▶ _What the task requires_:
Look below for the line that contains "Отель Bournemouth Sands" and the line that contains "В центре Донецка", then restate both of them and every line in between, exactly. No picture goes in the copy.

▶ _Records provided_:
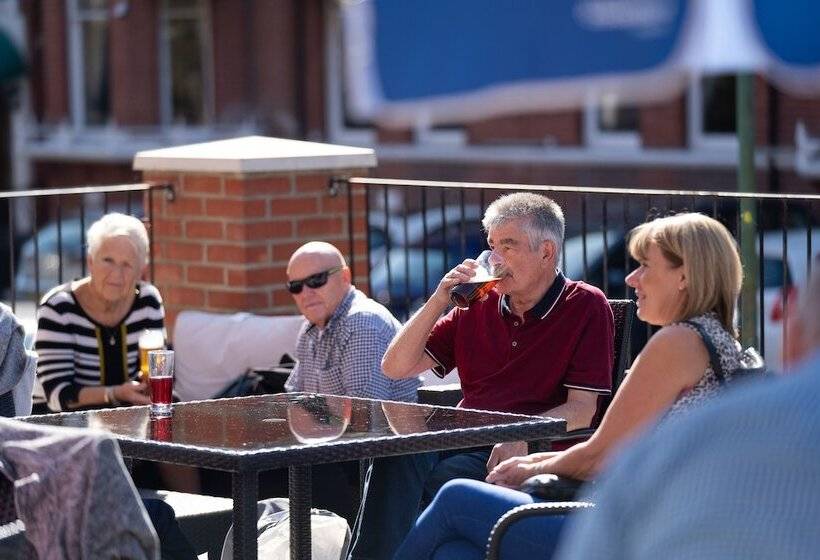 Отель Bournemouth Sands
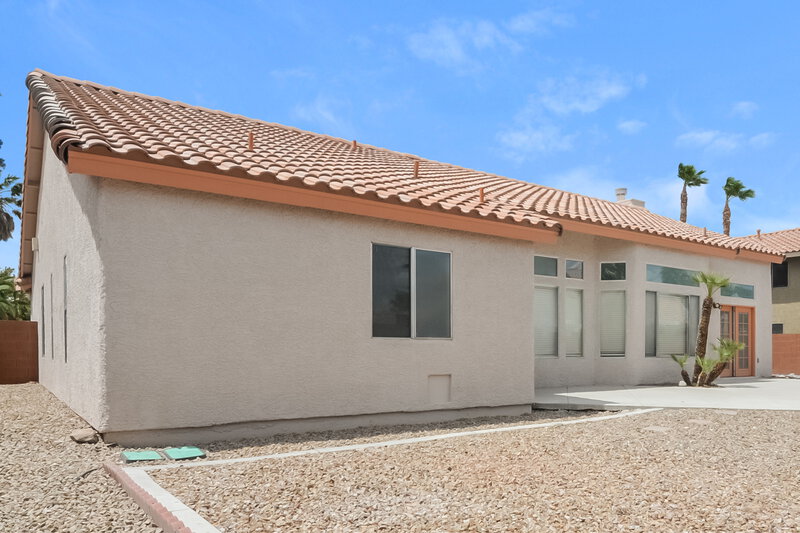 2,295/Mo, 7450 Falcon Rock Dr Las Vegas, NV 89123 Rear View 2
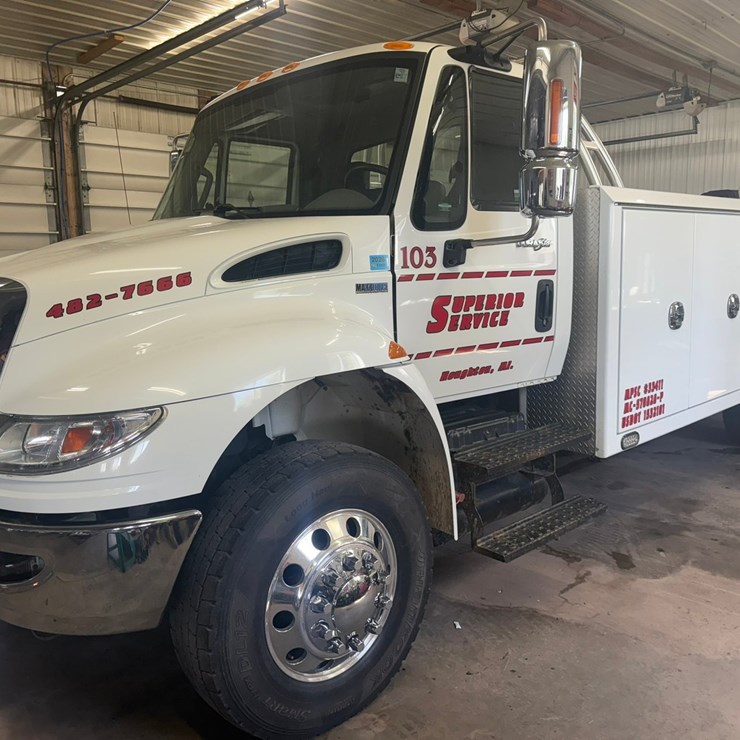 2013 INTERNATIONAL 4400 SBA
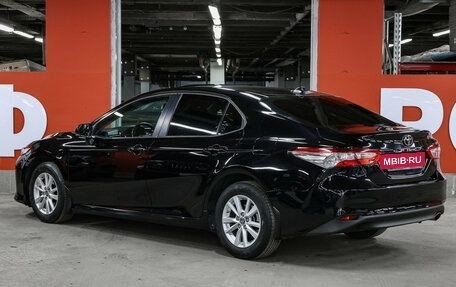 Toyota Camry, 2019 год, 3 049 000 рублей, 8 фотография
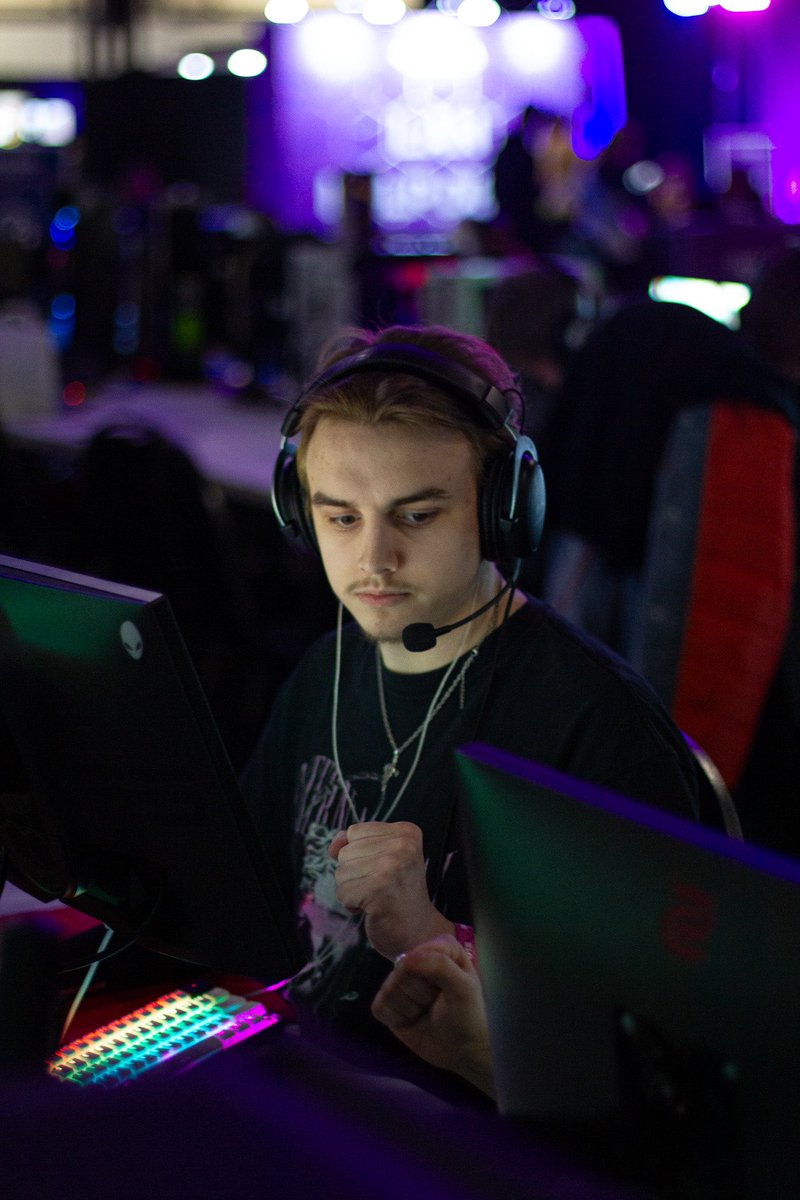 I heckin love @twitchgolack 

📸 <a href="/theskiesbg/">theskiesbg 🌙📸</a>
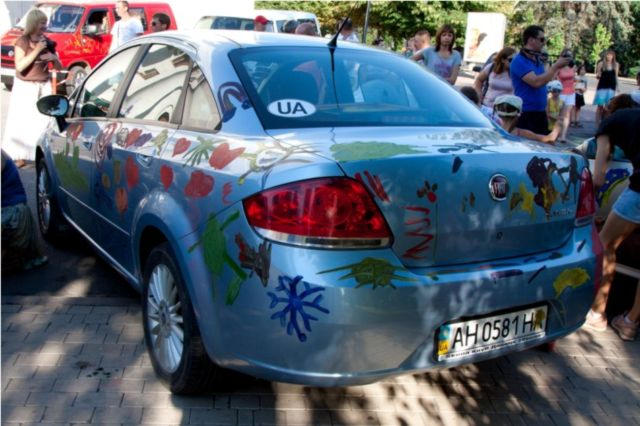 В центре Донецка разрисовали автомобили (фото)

* * *

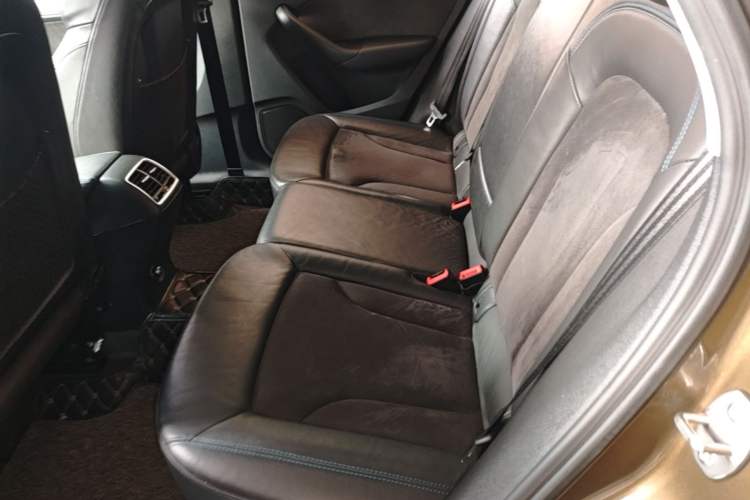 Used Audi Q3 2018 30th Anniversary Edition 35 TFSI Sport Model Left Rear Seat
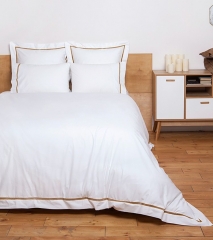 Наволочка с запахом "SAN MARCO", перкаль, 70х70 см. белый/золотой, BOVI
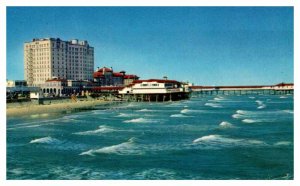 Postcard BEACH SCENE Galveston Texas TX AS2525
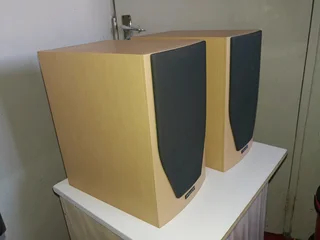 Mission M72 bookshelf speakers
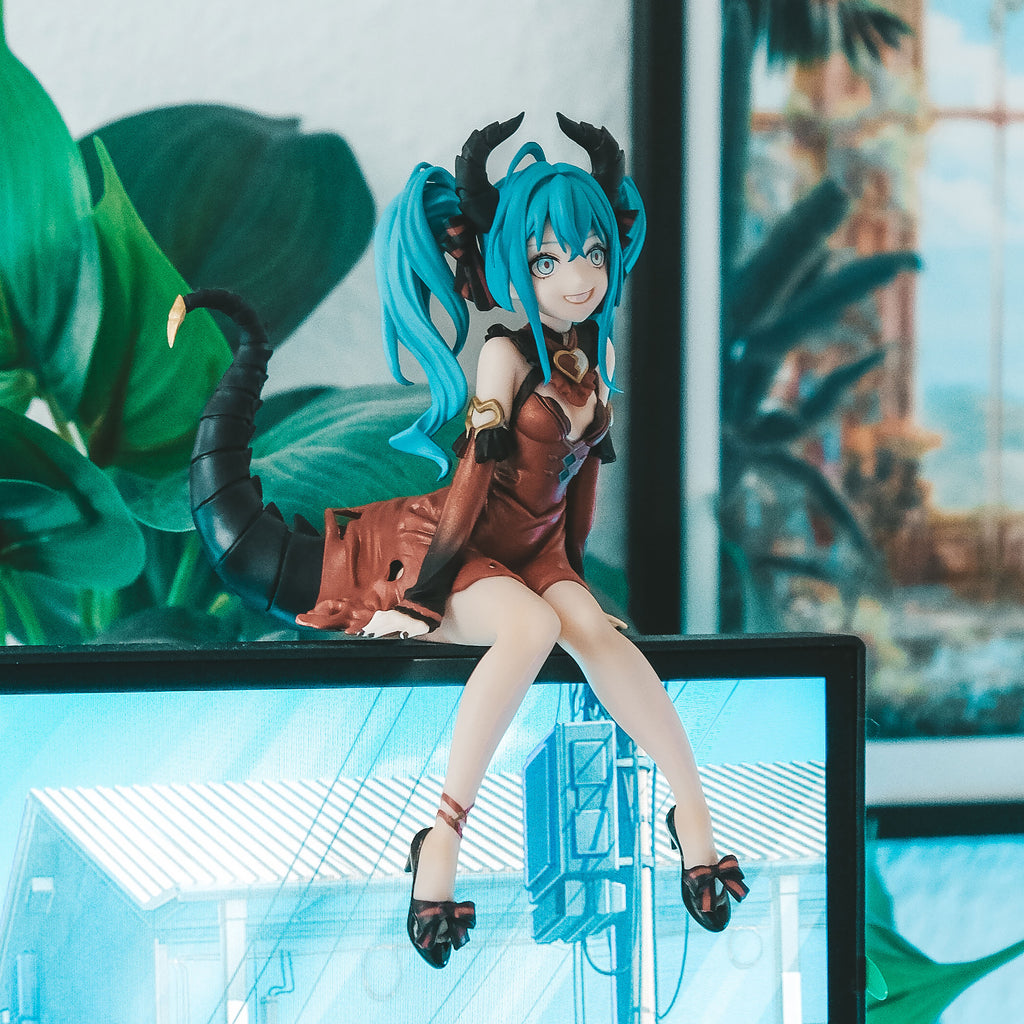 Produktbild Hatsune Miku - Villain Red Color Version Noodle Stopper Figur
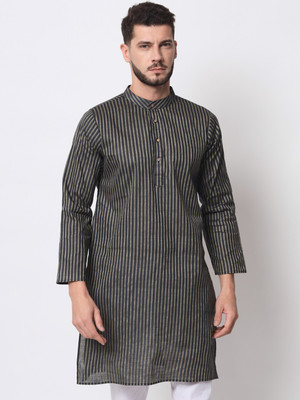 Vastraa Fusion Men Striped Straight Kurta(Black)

--

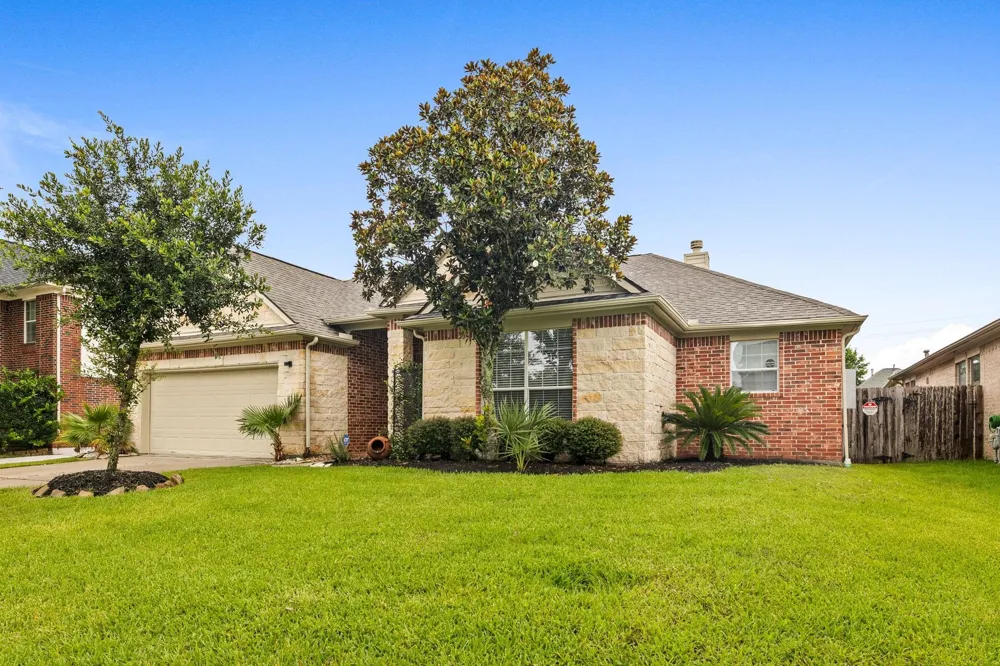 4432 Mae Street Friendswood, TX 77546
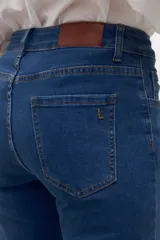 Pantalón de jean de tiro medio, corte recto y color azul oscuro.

▶ _Solution to this problem_:
 Отель Bournemouth Sands
 2,295/Mo, 7450 Falcon Rock Dr Las Vegas, NV 89123 Rear View 2
 2013 INTERNATIONAL 4400 SBA
 Toyota Camry, 2019 год, 3 049 000 рублей, 8 фотография
 I heckin love @twitchgolack 

📸 <a href="/theskiesbg/">theskiesbg 🌙📸</a>
 В центре Донецка разрисовали автомобили (фото)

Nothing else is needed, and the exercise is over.